Jeyna's gaze flickers between us as she purses her lips, unsure what to say. Nari watches the scene below with wide eyes that grow brighter the more she fidgets with the broken twigs at her feet. One of the Knights pulls the child away from his mother so that she can be patted down, but he bursts into tears, shouting and flailing against the Knight that holds his collar.

Nari wails at the sound of his voice. I clamp my hand over her mouth, but it's too late. Several of the Knights look up from the road in alarm.

"Don't!" Jeyna cries, prying my hand away. "If you use force, you'll make it worse-"

Before she finishes speaking, the bush in front of us erupts into a column of green fire, mimicking Nari's cry with a resounding roar that rings in my ears and almost certainly reaches the carriage down below. I recoil and scramble to my feet, but Jeyna stays and kneels before her sister.

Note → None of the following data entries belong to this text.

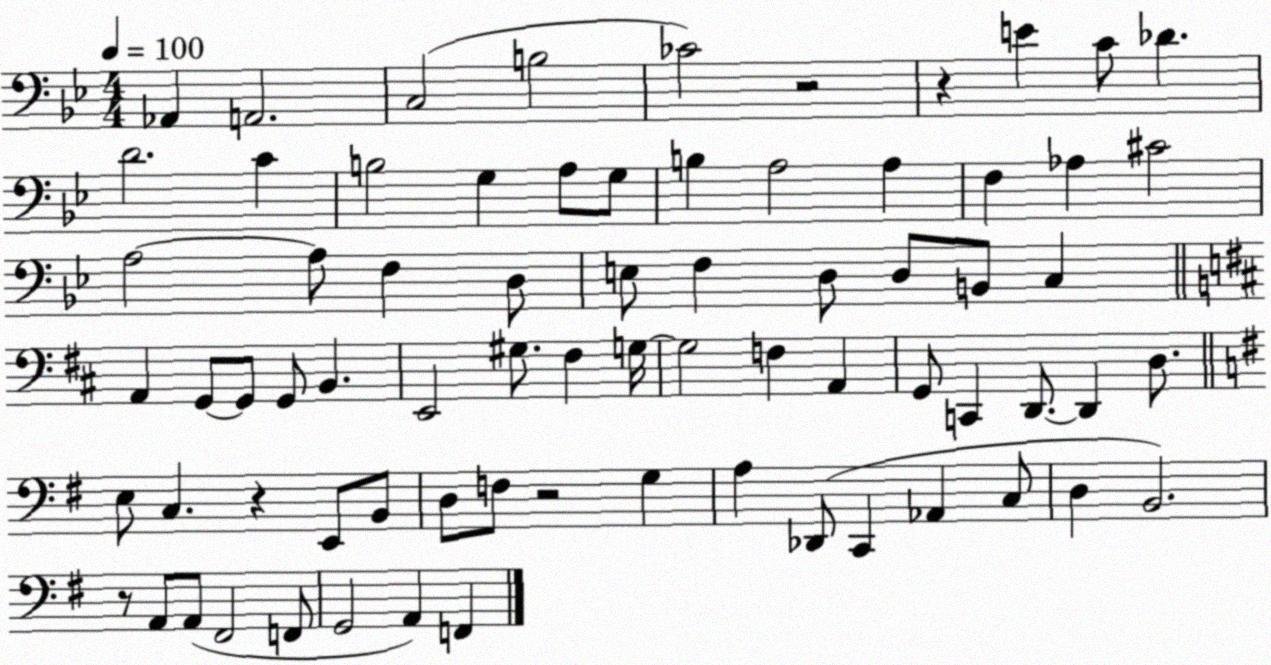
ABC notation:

X:1
T:Untitled
M:4/4
L:1/4
K:Bb
_A,, A,,2 C,2 B,2 _C2 z2 z E C/2 _D D2 C B,2 G, A,/2 G,/2 B, A,2 A, F, _A, ^C2 A,2 A,/2 F, D,/2 E,/2 F, D,/2 D,/2 B,,/2 C, A,, G,,/2 G,,/2 G,,/2 B,, E,,2 ^G,/2 ^F, G,/4 G,2 F, A,, G,,/2 C,, D,,/2 D,, D,/2 E,/2 C, z E,,/2 B,,/2 D,/2 F,/2 z2 G, A, _D,,/2 C,, _A,, C,/2 D, B,,2 z/2 A,,/2 A,,/2 ^F,,2 F,,/2 G,,2 A,, F,,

"Shh, it's okay," Jeyna says with the calmest voice she can manage as the flames race up the adjacent tree. Heat spills on top of us in waves that grow increasingly fiercer, but Jeyna still doesn't move until Nari sees her face through her tears. "You're okay. Deep breath with me. In...and out...Like that!"

The fire flickers and wobbles as Nari joins Jeyna's rhythmic breathing. Soon, her tears subside, and the green flames slowly shrink and extinguish themselves. Zolmi hands the peach he had stored in his satchel to Jeyna, who quietly asks Nari if she wants to hold it. Nari nods.

"Will you promise to be calm and safe?"

Nari nods again.

"Is magic safe?"

After a brief pause, Nari shakes her head.

"So are we going to use magic?"

Nari shakes her head.

Jeyna exhales and drops the peach in Nari's palms. "She's very sensitive to other people's emotions," she says. "When she gets too stressed out, she can't regulate her own. Then she loses control of her magic, too."

"The Knights are gone," Zolmi says as he looks over the burned remains of the bush. On the road, the Skylings hurriedly collect their things and escape in their ride.

"They can't climb the ridge, so they're circling around." I check the sword I stole from the sellers at the auction. The glimmer from before still remains, indicating that it was properly imbued by its previous owner. If I didn't have at least this, then fighting Knights would be suicidal. "They saw someone use unauthorized magic. They won't let that go unpunished."

The color drains from Jeyna's cheeks as she glances down at Nari, who preoccupies herself by rubbing the peach fuzz against each of her fingertips. I make my decision with a heavy breath.

"Take them to the top of the hill and wait there," I say to Zolmi. "I'll lead the Knights away and meet you guys after nightfall. If I don't make it by daybreak tomorrow, keep going without me."

Zolmi stares at me in disbelief as I place the map in his hand. "You're going to fight six Knights by yourself?"

"Don't worry, I have a plan. Trust me."

He hesitates, but apparently, he's convinced by my steady conviction and clasps my hand. "Good luck. We'll be waiting."

"Y-You better not make us wait until daybreak," Jeyna stammers, trying to hide her anxiety with a pointed frown as she takes Nari's hand. "I can't stay up that long."

"Yeah, yeah," I say as I shoo them away. "I'll see you soon."

Zolmi leads the way as Jeyna follows with Nari in tow. With the peach pressed against her cheek, Nari looks over her shoulder, puzzled, when she realizes I won't be going with them. As I watch them go, I almost congratulate myself.

When I need to be, I am quite a good liar.